Assigned task | The listing below holds pictures; exclude them. Return exactly the lines from the one with "anthro canid canine" through the one with "Modern Horn Wood Credenza 3D model image 2".

---- Task input

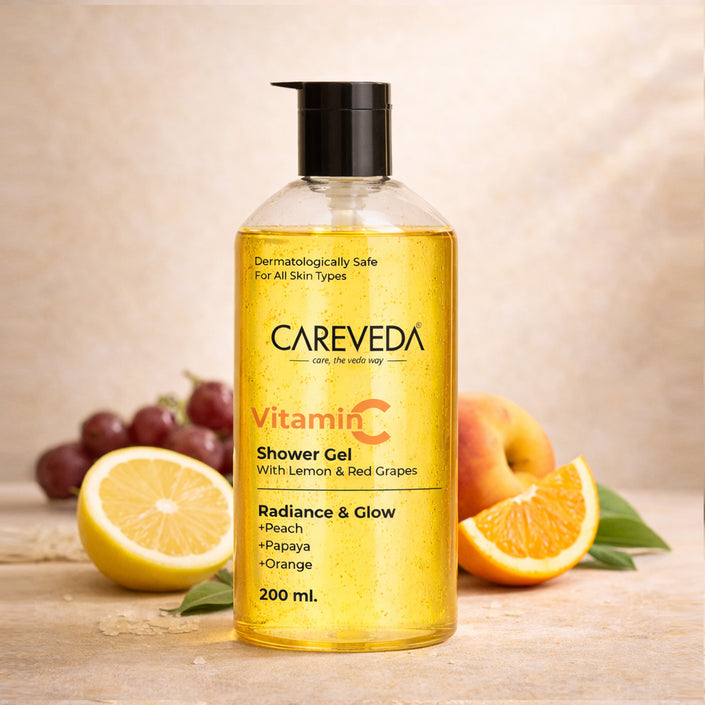CareVeda Vitamin C Shower Gel With Lemon & Red Grapes, Brightening Body Wash 200ml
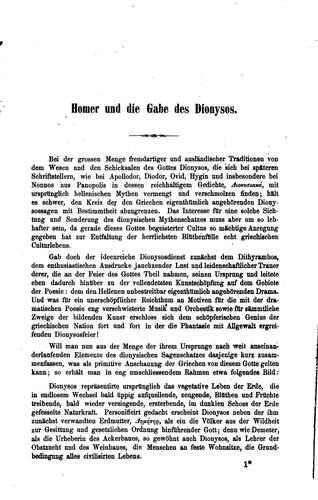 Homer und die Gabe des Dionysos: Progr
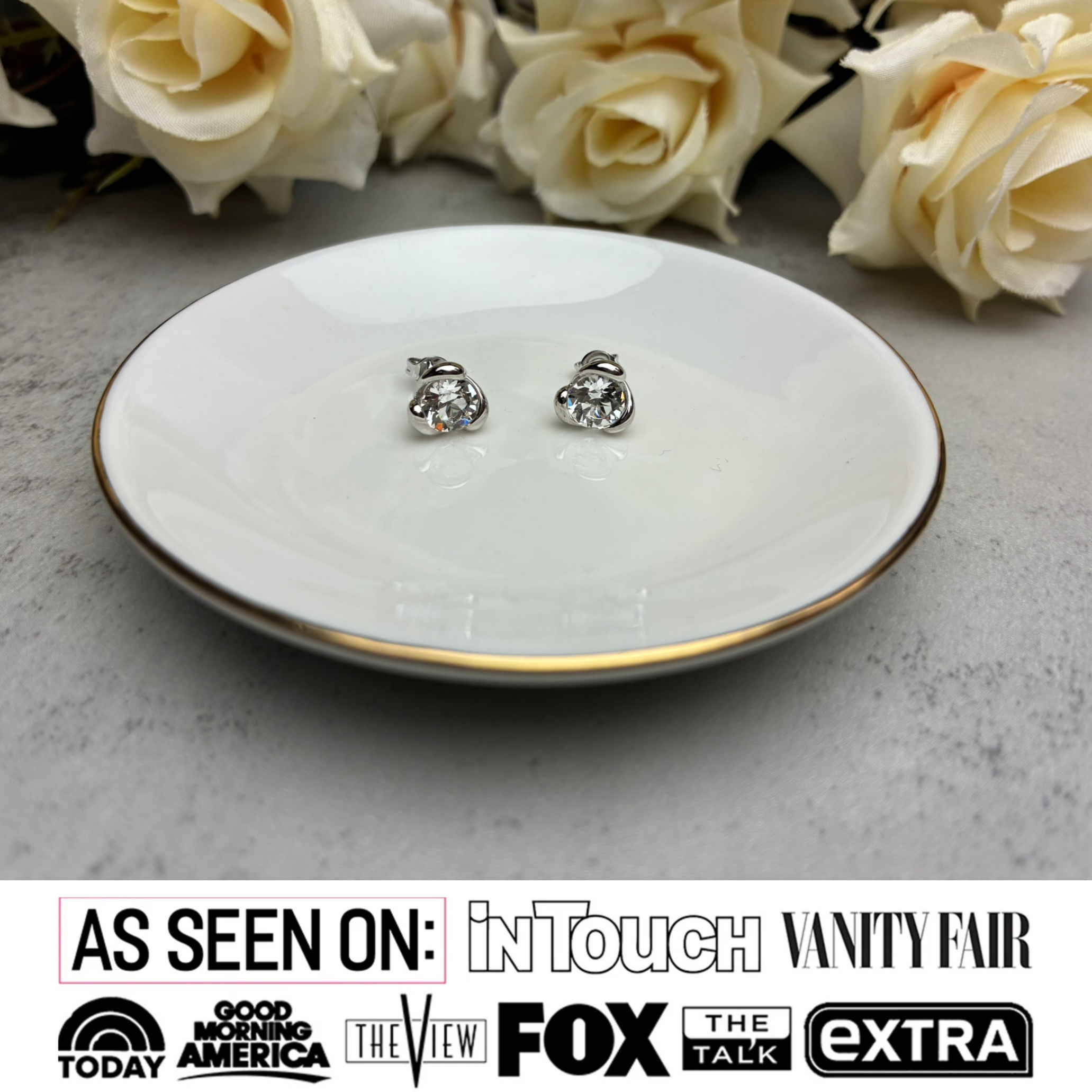 Harmony 18k 白金镀金圆形水晶耳钉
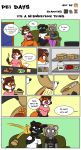  anthro canid canine canis clothed clothing comic dialogue digital_media_(artwork) domestic_dog english_text female food fur group hair humor mammal open_mouth pei_days popcorn sherri_mayim sofa technicolor_pie technicolorpie text tongue 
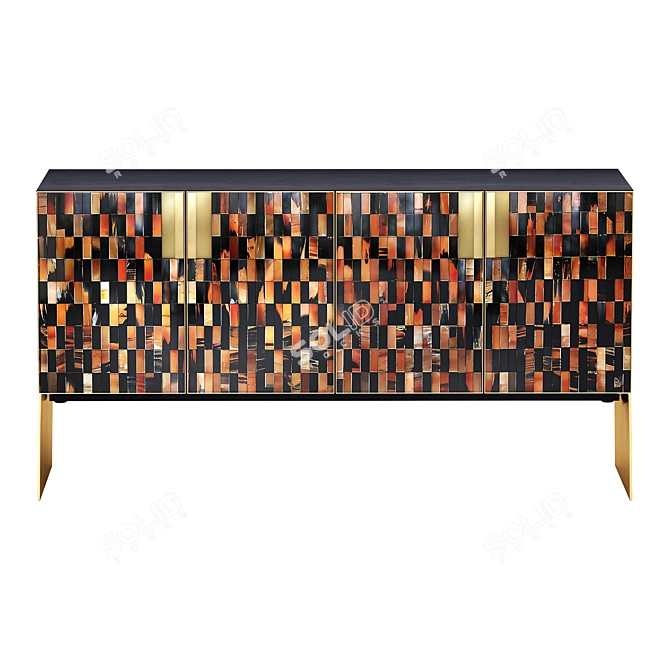 Modern Horn Wood Credenza 3D model image 2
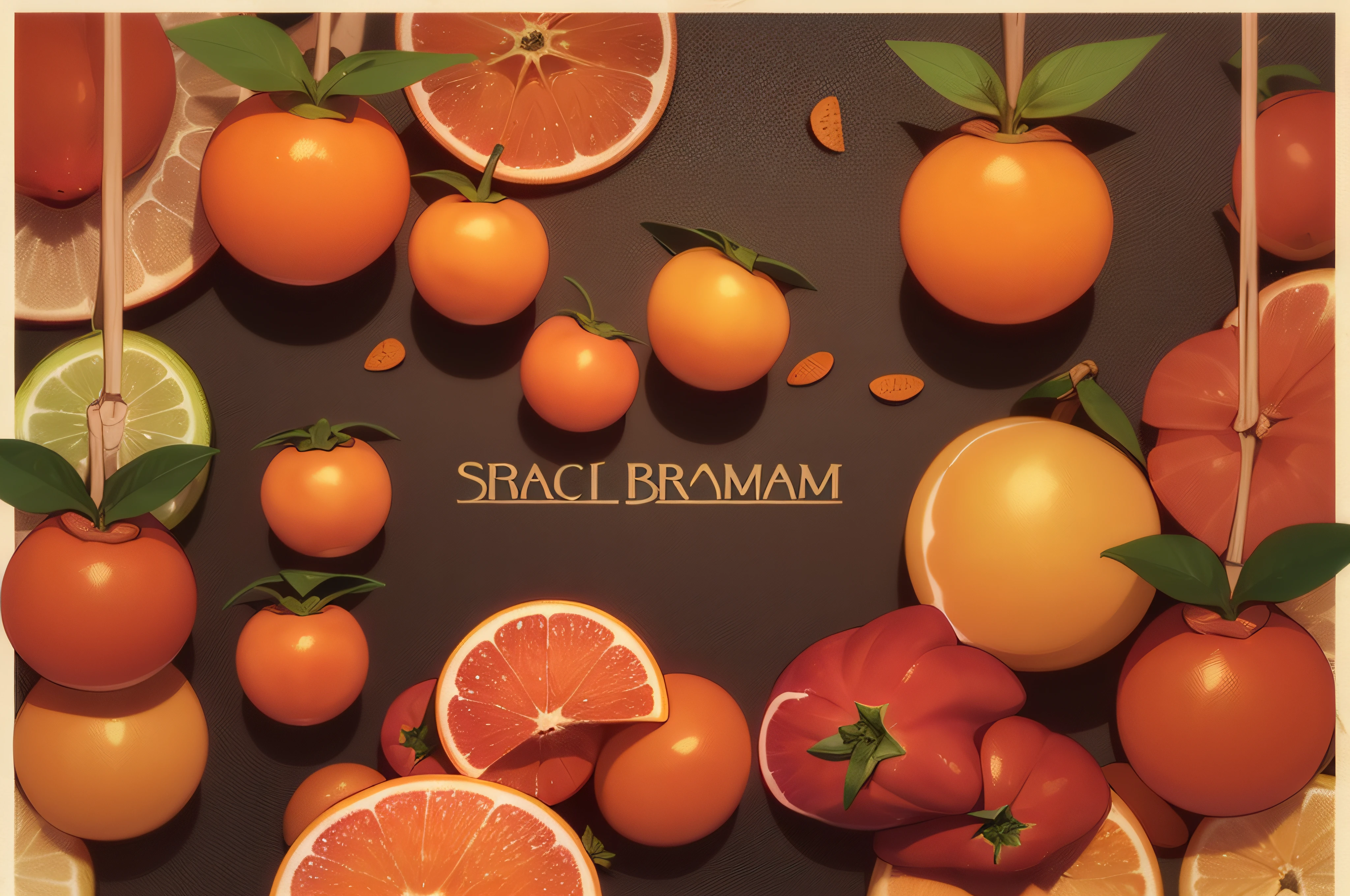 light background,A persimmon,Orange colors,Orange colors,Stick figure style,Childlike style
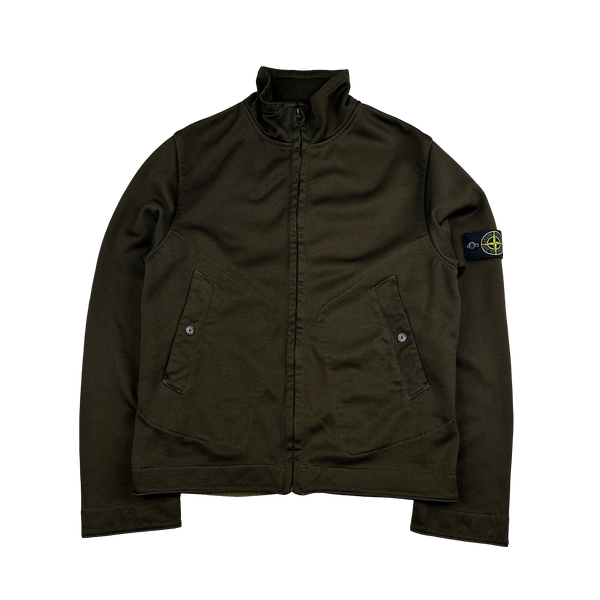 Stone Island Vintage 2004 Khaki Poly Ribbed Zipped Track Top - Large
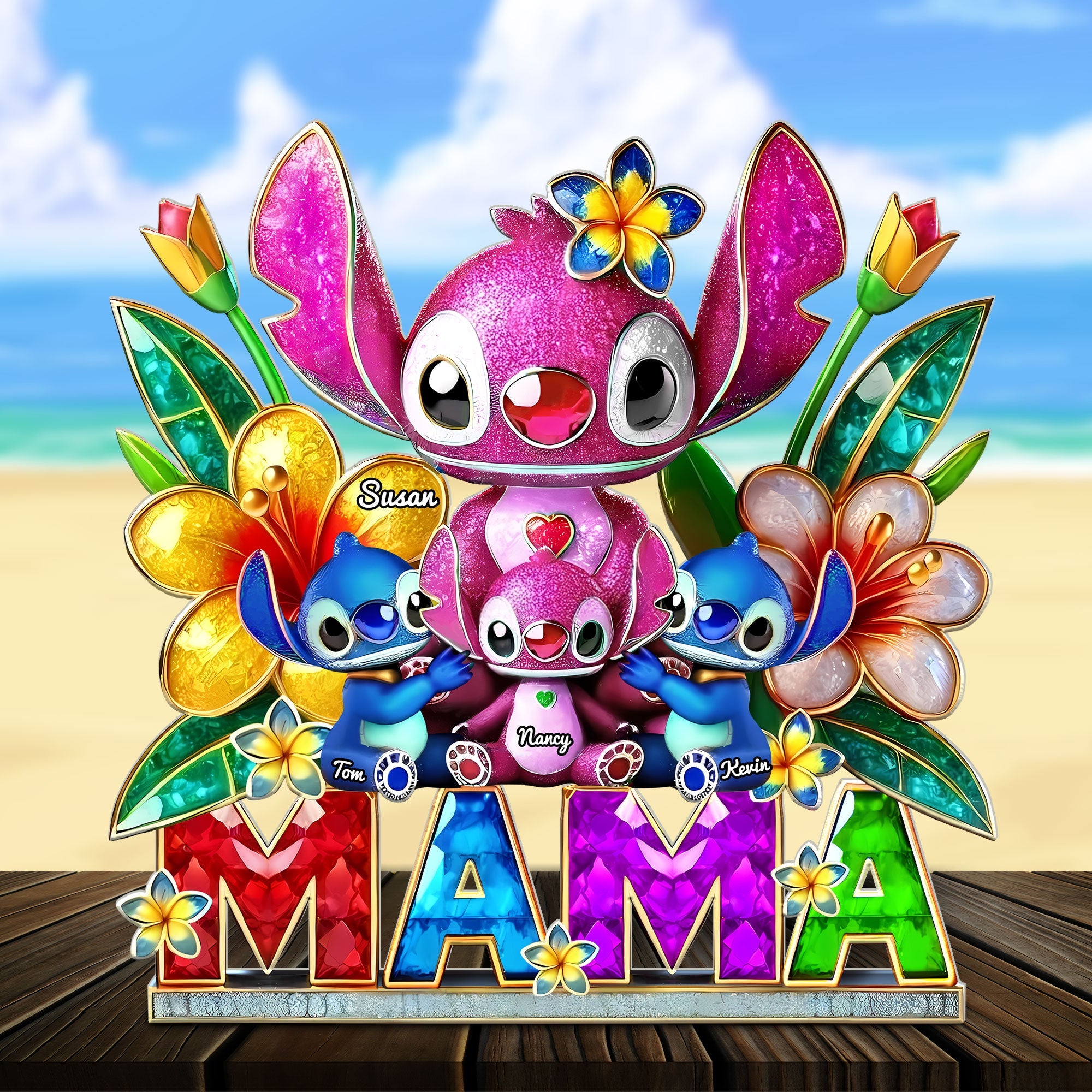 "Delightful Aliens for Mom - Personalized Gift Plaque for Special Occasions" Shaped Plaques PopCulturePrints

--------

Worked solution |
  anthro canid canine canis clothed clothing comic dialogue digital_media_(artwork) domestic_dog english_text female food fur group hair humor mammal open_mouth pei_days popcorn sherri_mayim sofa technicolor_pie technicolorpie text tongue 
 Modern Horn Wood Credenza 3D model image 2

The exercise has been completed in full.